Claremorris derives its name from Maurice de Prendergast, a Norman, who came to Ireland c. 1170.

The town was established during the 18th century. In 1822, a Roman Catholic Chapel was built, which was later demolished to make way for the town hall. The present Roman Catholic church, St. Colman's Church, was built in 1911. St. John's Anglican Church, now the town library, was built in 1828.

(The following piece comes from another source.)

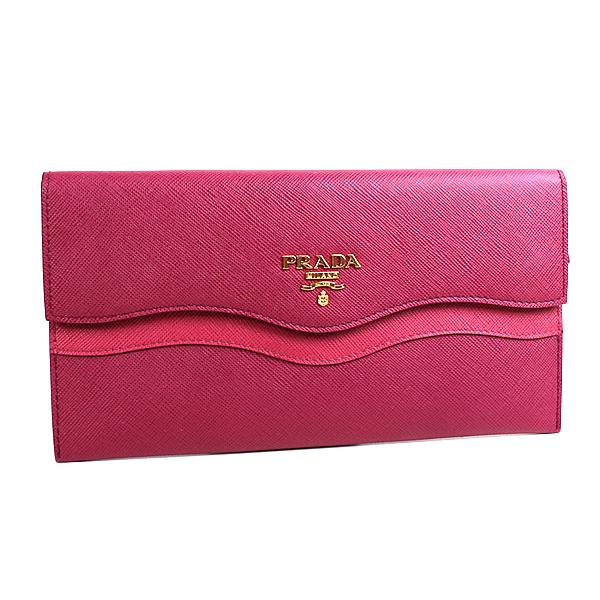 PRADA プラダ 長財布 サフィアーノ SAFFIANO WAVE ピンク 美品 PRADA 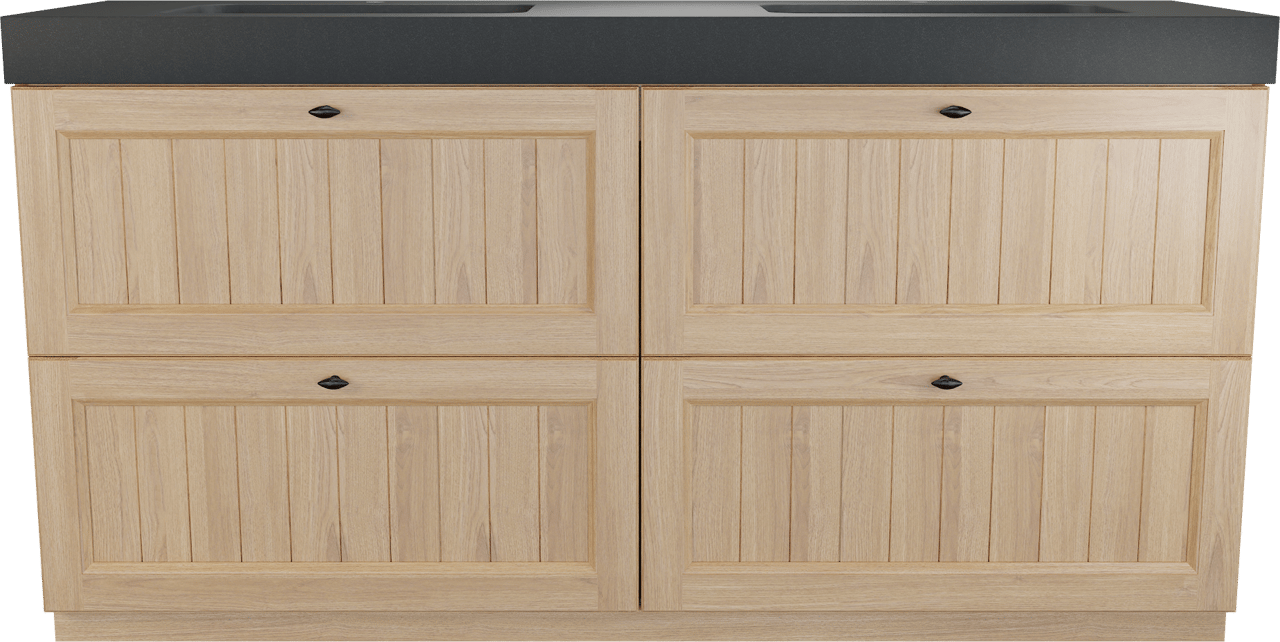 Balmani Lemon freistehendes Möbelstück Set: 180 x 55 cm, Naturbelassene Eiche Furnier, mit Napoli Doppelwaschtisch, Schwarzes Granit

The main landlord family in Claremorris was the Browne family, one of whom, the Hon. Denis Browne (1760–1828), was High Sheriff of Mayo during the Irish Rebellion of 1798 and acquired the nickname of "Donnchadha an Rópa" (Denis the Rope) as a result of his treatment of captured United Irishmen.

==Demographics==
At the 2022 census, Claremorris had a total population of 3,857 people, consisting of 1,821 males and 2,036 females. Over 72% of the population were Irish nationals and Catholics constituted 65% of the population.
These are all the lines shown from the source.